We'll start first with the Constitution says, and then go on to what the Bush administration says it says.

Article I, section 7 of the Constitution says that the president must sign or veto legislation passed by Congress within ten days (not counting Sundays). If he signs it, it becomes law. If he vetoes it, then Congress can override his veto with a two-thirds majority in both houses. And if he does not sign or veto it while Congress is in session, it becomes law. But if Congress is not in session and he doesn't sign it, then it neither becomes law nor can Congress override it. The bill is dead. That's a pocket veto.

So on December 28th, the president proclaimed that the defense authorization bill was dead by pocket veto. (For some background on the substance of the dispute -- why Bush doesn't like the bill and Dems' frustration with the fact that the administration didn't raise the objection until after the bill passed -- see here.) Congress will just have to start over. Keep in mind that the bill passed both houses with veto-proof majorities.

But, as Kagro X at Daily Kos first pointed out, there's a problem with that. Though the president said that "adjournment of Congress" allowed him to pocket veto, Congress was not, in fact, in adjournment.

To prevent administration monkey business during the holiday recess, Senate Majority Leader Harry Reid (D-NV) kept the Senate in pro forma session throughout. By keeping the Senate nominally in session (someone shows up for a few minutes every third day), Reid stifled the administration's desire for a bunch of recess appointments.

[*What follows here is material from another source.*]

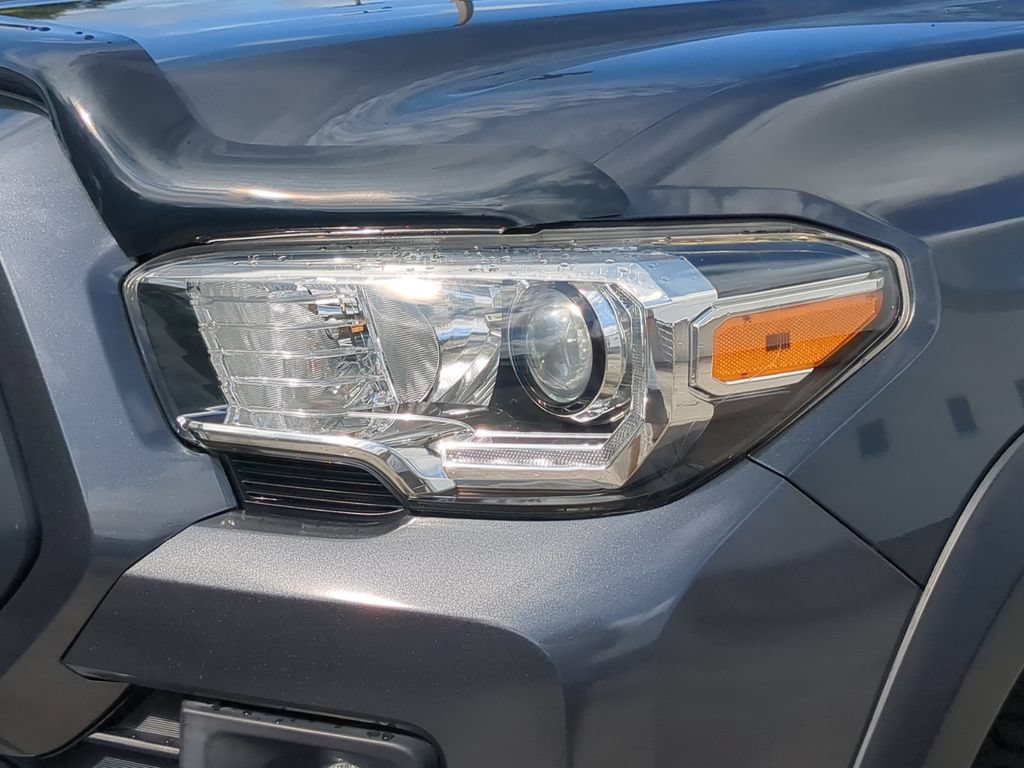 Used 2019 Toyota Tacoma TRD Off-Road AWD/4WD image 7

So now House Speaker Nancy Pelosi (D-CA) is saying that the pocket veto is bunk. From The Hill:

“Congress vigorously rejects any claim that the president has the authority to pocket-veto this legislation, and will treat any bill returned to the Congress as open to an override vote,” said Nadeam Elshami, a spokesman for Pelosi. He said the Speaker is keeping all legislative options on the table.

Now, it's possible that the White House just didn't think this one through. Or maybe they thought no one would call them on it. In any case, the White House has responded with a Constitutional interpretation that seems somewhat improvisational.

True, the Senate was in session, they say. But we sent the president's veto to the House, and they were in recess. So voila! pocket veto!

The White House argues it pocket-vetoed the defense bill on Dec. 28 by sending it back to the House with a message of disapproval. It argues that a pocket veto was possible because the House, where the bill originated, was out of session.

“A pocket veto, as you know, is essentially putting it in your pocket and not taking any action whatsoever. And when Congress — the House is out of session — in this case it’s our view that bill then would not become law,” White House Spokesman Scott Stanzel told reporters Monday.

The Hill gets a take on the White House's tap dancing from a Constitutional scholar at the Library of Congress -- he gives it a resounding thumbs down.

As for what happens from here, it's not clear. If the House moves for an override next week and the White House objects, the whole thing could end up in court. That's probably not something the administration wants to happen. The pocket veto seems to be an executive power which, like executive privilege, is very infrequently tested in court. But with this administration's fervent belief in the executive's power, you never know.

Do we have our first contestant for the Bush Administration's dumbest legal arguments of 2008?